Rabbit: Definition, Drift Gauge, and Tubular Clearance

What Is a Rabbit?

A rabbit is a drift gauge run through casing, tubing, drill pipe, valves, or completion equipment to prove the inside diameter is open enough for the next tool. API Spec 5CT casing and tubing practice uses drift testing to verify minimum clearance. In the field, passing the rabbit means the planned path is open.

Key Takeaways

  • A rabbit is a go/no-go clearance check, not a detailed measuring tool.
  • API Spec 5CT drift practice is the casing and tubing anchor behind many pipe-yard and rig checks.
  • The correct gauge depends on pipe size, weight, connection, and the actual tool that must pass.
  • Rabbitting catches dents, collapse, scale, cement, ovality, bad connections, and debris before the main job starts.
  • A cheap surface hang-up is better than a stuck perforating gun, plug, pump, or logging tool downhole.

How a Rabbit Works

A rabbit is usually a smooth cylindrical gauge with rounded ends. Crews pull it, push it, drop it, or pump it through the equipment path. If it passes, the path has at least the required clearance. If it stops, the joint or interval has to be cleaned, repaired, rejected, or rechecked with the correct gauge.

The test is simple because the failure it prevents is expensive. A pipe joint can look fine from the outside and still have a tight spot inside. A small restriction may not matter until a logging tool, bridge plug, perforating gun, or rod pump tries to pass through it.

Why API Drift Is Not Just Paperwork

API Spec 5CT is the common reference for casing and tubing, including drift concepts. Drift diameter is smaller than nominal inside diameter because real pipe has tolerances, wall-thickness variation, straightness limits, and connection effects. The rabbit proves usable passage, not catalogue optimism.

Field crews use the idea more broadly than pipe manufacturing. They may rabbit a Christmas tree bore, tubing string, valve, landing nipple, completion assembly, or workover path. When clearance is tight, the rabbit should represent the actual tool path, including the restrictions that matter.

How to Read Rabbit in Context

The best way to teach rabbitting is to remember that the well does not care what the drawing says. The drawing says the tool should pass. The rabbit proves whether the actual steel path will let it pass today.
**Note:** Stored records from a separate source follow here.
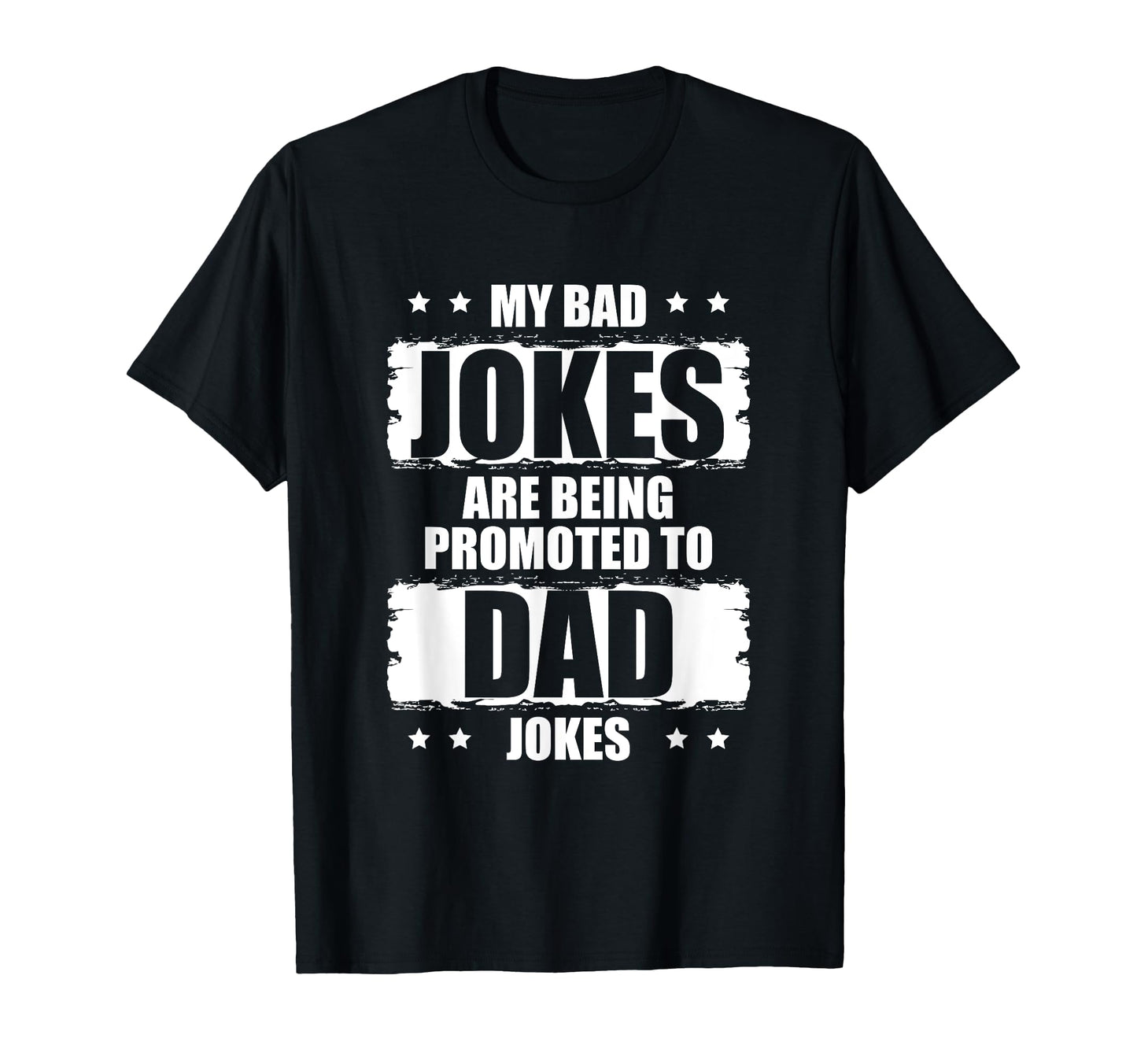 Funny My Bad Jokes Are Being Promoted T-Shirt - Aesthetic Graphic Unisex - T-Shirt, Sweatshirt, Hoodie
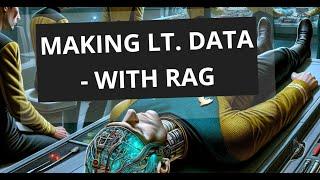Making Lt. Data - with Retrieval Augmented Generation (RAG) and the OpenAI API
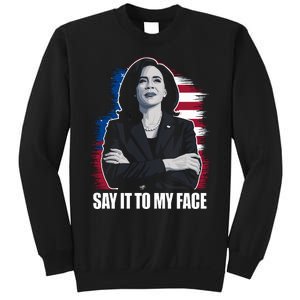 Say It To My Face Kamala Harris 2024 Sweatshirt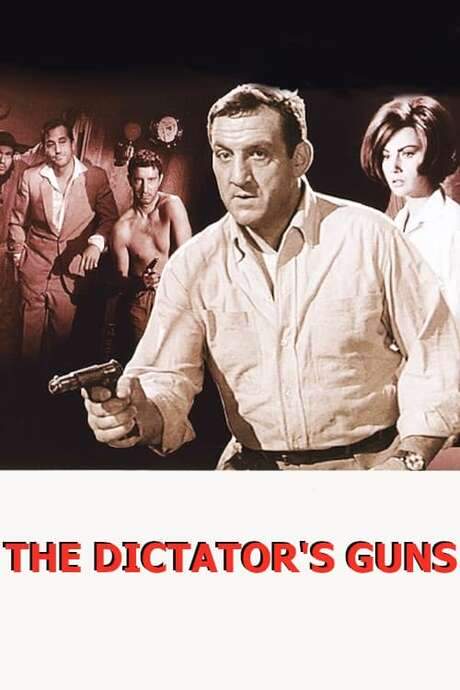 The Dictator’s Guns (1965) movie poster
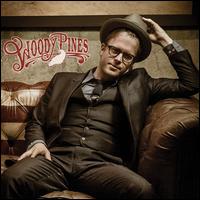 Woody Pines - Woody Pines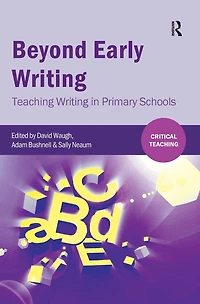Beyond Early Writing: Teaching Writing Primary Schools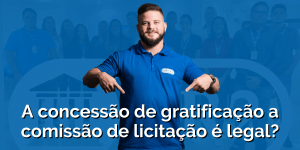 Concessão de gratificação a comissão de licitação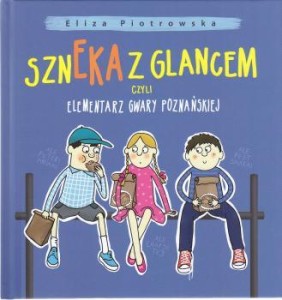 Piotrowska Eliza - Szneka z glancem, czyli elementarz gwary poznańskiej.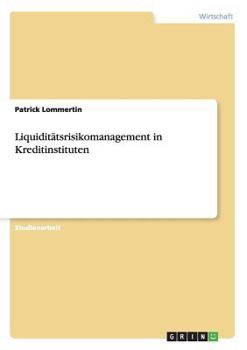 Paperback Liquiditätsrisikomanagement in Kreditinstituten [German] Book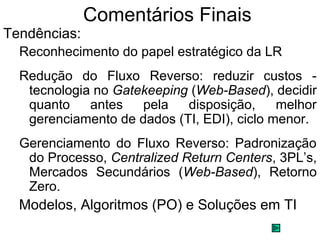 Comentários Finais 
Tendências: 
Reconhecimento do papel estratégico da LR 
Redução do Fluxo Reverso: reduzir custos - 
tecnologia no Gatekeeping (Web-Based), decidir 
quanto antes pela disposição, melhor 
gerenciamento de dados (TI, EDI), ciclo menor. 
Gerenciamento do Fluxo Reverso: Padronização 
do Processo, Centralized Return Centers, 3PL’s, 
Mercados Secundários (Web-Based), Retorno 
Zero. 
Modelos, Algoritmos (PO) e Soluções em TI 
 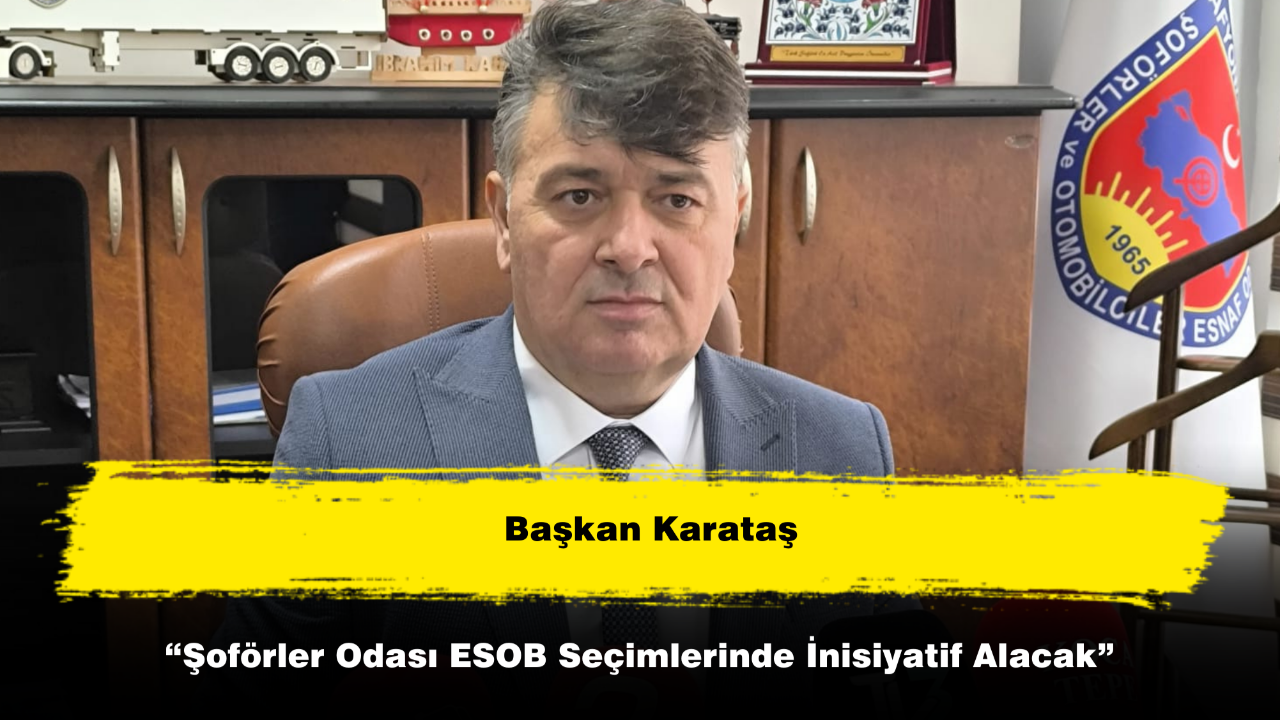 “Şoförler Odası ESOB Seçimlerinde İnisiyatif Alacak”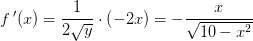 f{\, }'(x)=\frac{1}{2\sqrt{y}}\cdot \left ( -2x \right )=-\frac{x}{\sqrt{10-x^2}}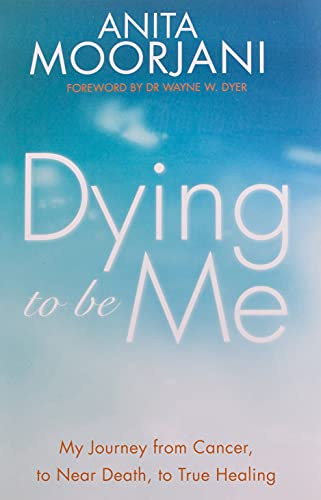 Anita Moorjani - Dying To Be Me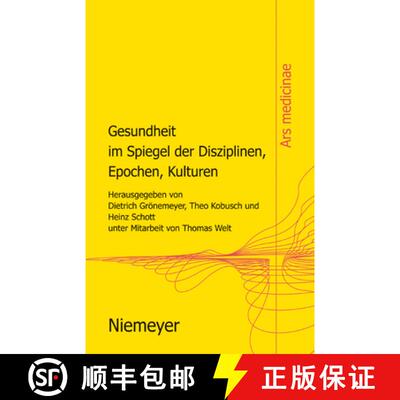 【3-4周达】Gesundheit Im Spiegel Der Disziplinen, Epochen, Kulturen [9783484850019]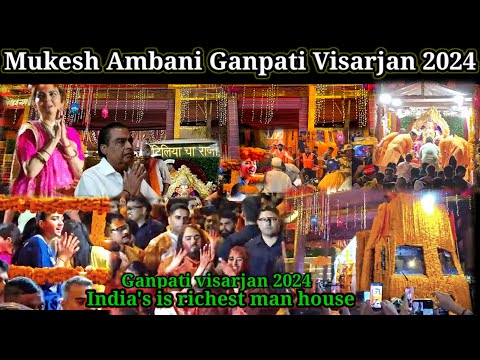 Ambani House Ganpati Visarjan 2024 | Mukesh Antilia Cha Raja | India's end (Asia) richest man house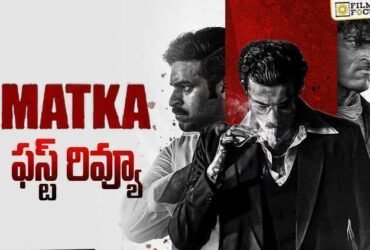 Matka Movie Review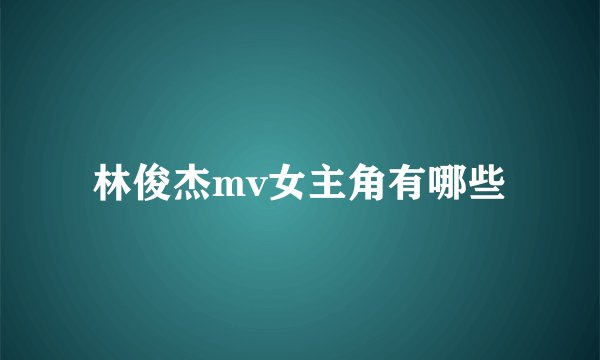 林俊杰mv女主角有哪些
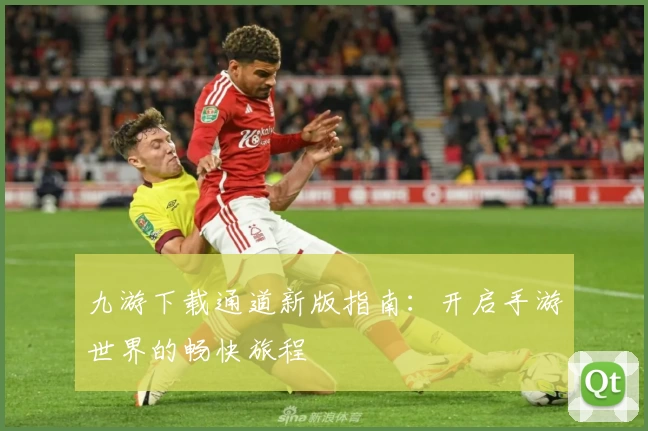九游下载通道新版指南：开启手游世界的畅快旅程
That difference matters most in old wells, where years of production, scale, wax, corrosion, and workovers can turn a once-clean bore into a restriction.

Fast Facts

  • Nominal inside diameter is not the same as drift diameter.
  • Drift is the practical clearance a tool can count on after manufacturing tolerances and connection effects are considered.
  • A rabbit proves the actual path today, which matters most in older wells with scale, wax, corrosion, or deformation.

Tip: When the planned tool has tight clearance, rabbit the actual path through valves, nipples, tubing, and completion hardware, not only a sample joint.

Rabbit is also known as:

  • drift: common name for the clearance test.
  • drift gauge: formal tool name.
  • rabbit gauge: field name for the gauge.

Related terms: casing, tubing, production tubing.

Frequently Asked Questions

Why is it called a rabbit?

It is field slang for the gauge sent through the pipe or equipment to prove the passage is open.

What happens if the rabbit does not pass?

The crew investigates the restriction before running the main tool. They may clean, repair, reject, or change the tool plan.

Is rabbitting only for new pipe?

No. It is also used before interventions in older wells where scale, wax, corrosion, or deformation may reduce clearance.

Why Rabbit Matters in Oil and Gas

Rabbit matters because it connects a word to a real decision in the field, the lab, or the interpretation room. A useful definition should make the concept clear enough to act on, technical enough to avoid false confidence, and specific enough that the reader understands what can go wrong. That is the standard for this glossary: plain language first, evidence underneath, and enough operational context that the term feels connected to actual oil and gas work. The article should teach, not merely label. If a reader leaves knowing what to check next, the page has done its job.